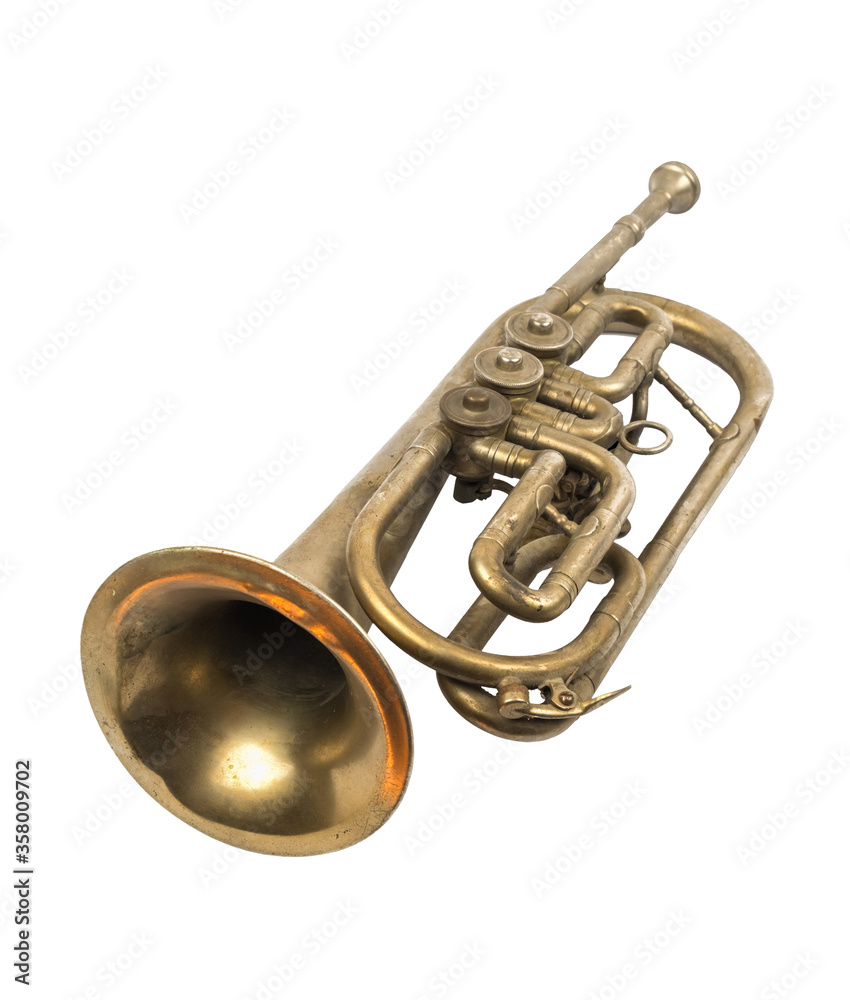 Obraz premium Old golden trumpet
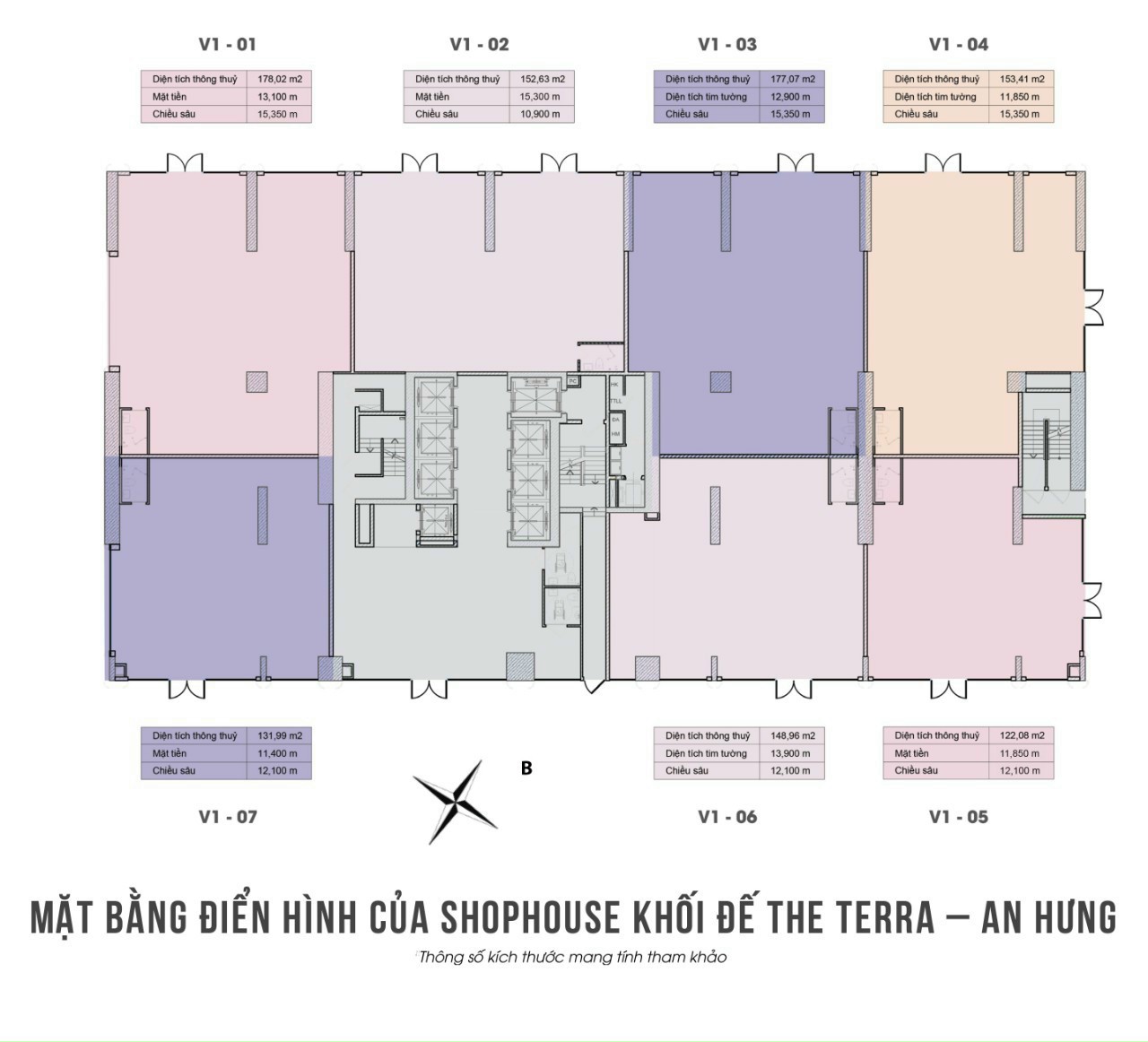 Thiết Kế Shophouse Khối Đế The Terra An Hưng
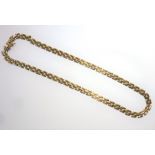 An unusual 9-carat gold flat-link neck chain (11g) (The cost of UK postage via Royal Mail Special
_____
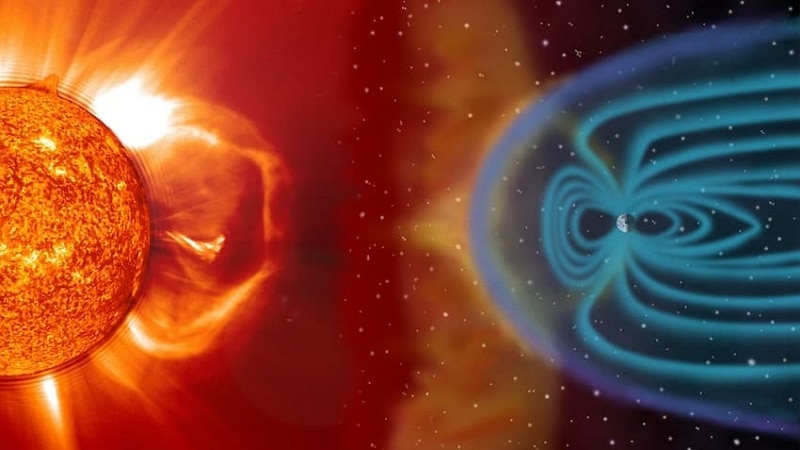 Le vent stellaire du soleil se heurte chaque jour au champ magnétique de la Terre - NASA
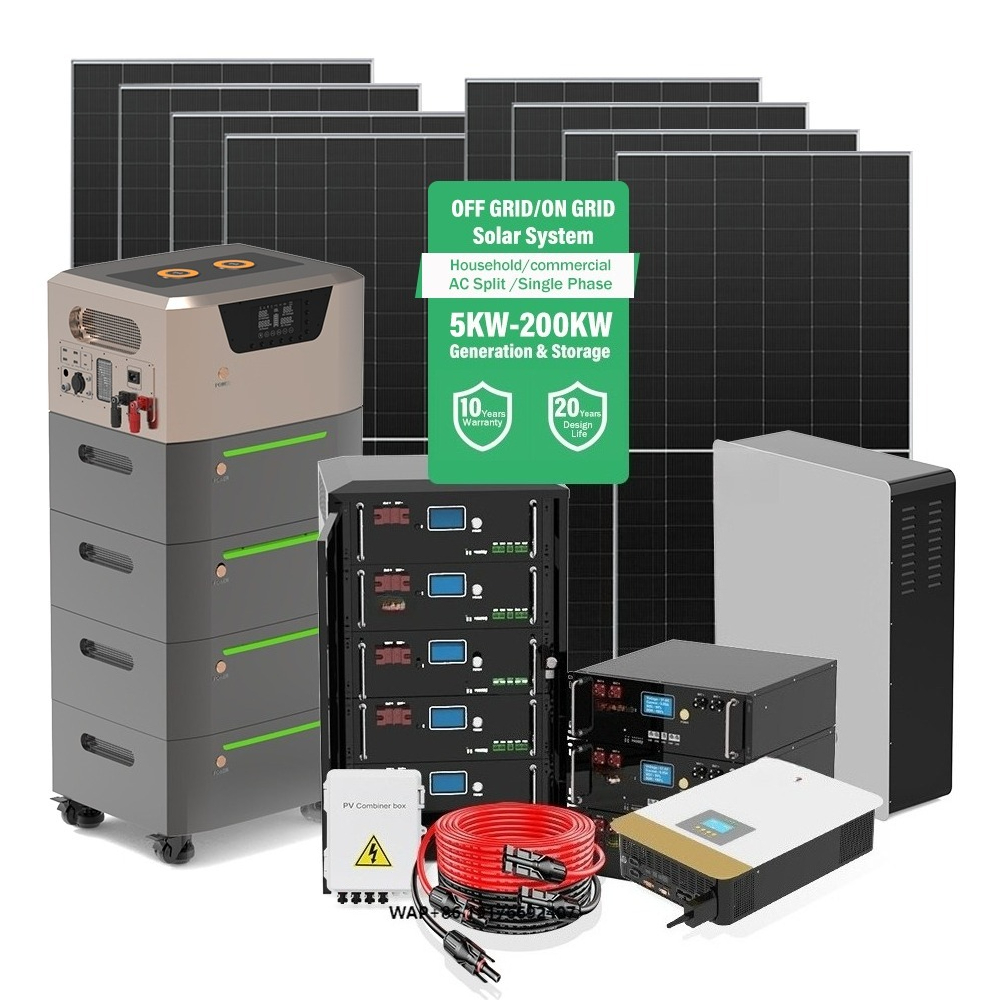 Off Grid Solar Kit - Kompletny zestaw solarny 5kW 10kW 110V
_____
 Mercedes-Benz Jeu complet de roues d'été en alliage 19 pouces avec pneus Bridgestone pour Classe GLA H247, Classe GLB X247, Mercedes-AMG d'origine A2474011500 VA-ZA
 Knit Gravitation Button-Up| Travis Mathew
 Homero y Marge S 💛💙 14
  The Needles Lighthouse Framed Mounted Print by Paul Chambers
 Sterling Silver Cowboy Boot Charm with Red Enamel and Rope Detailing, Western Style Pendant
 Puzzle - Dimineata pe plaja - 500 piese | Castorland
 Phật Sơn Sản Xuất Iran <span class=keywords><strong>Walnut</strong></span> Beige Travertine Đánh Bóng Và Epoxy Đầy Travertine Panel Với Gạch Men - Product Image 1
_____
## PROBLEM TO SOLVE:
The reply should consist solely of the lines above from the one that has "Mercedes-Benz Jeu complet" through the one that has "Sterling Silver Cowboy", reproduced exactly.

## ANSWER SECTION:
 Mercedes-Benz Jeu complet de roues d'été en alliage 19 pouces avec pneus Bridgestone pour Classe GLA H247, Classe GLB X247, Mercedes-AMG d'origine A2474011500 VA-ZA
 Knit Gravitation Button-Up| Travis Mathew
 Homero y Marge S 💛💙 14
  The Needles Lighthouse Framed Mounted Print by Paul Chambers
 Sterling Silver Cowboy Boot Charm with Red Enamel and Rope Detailing, Western Style Pendant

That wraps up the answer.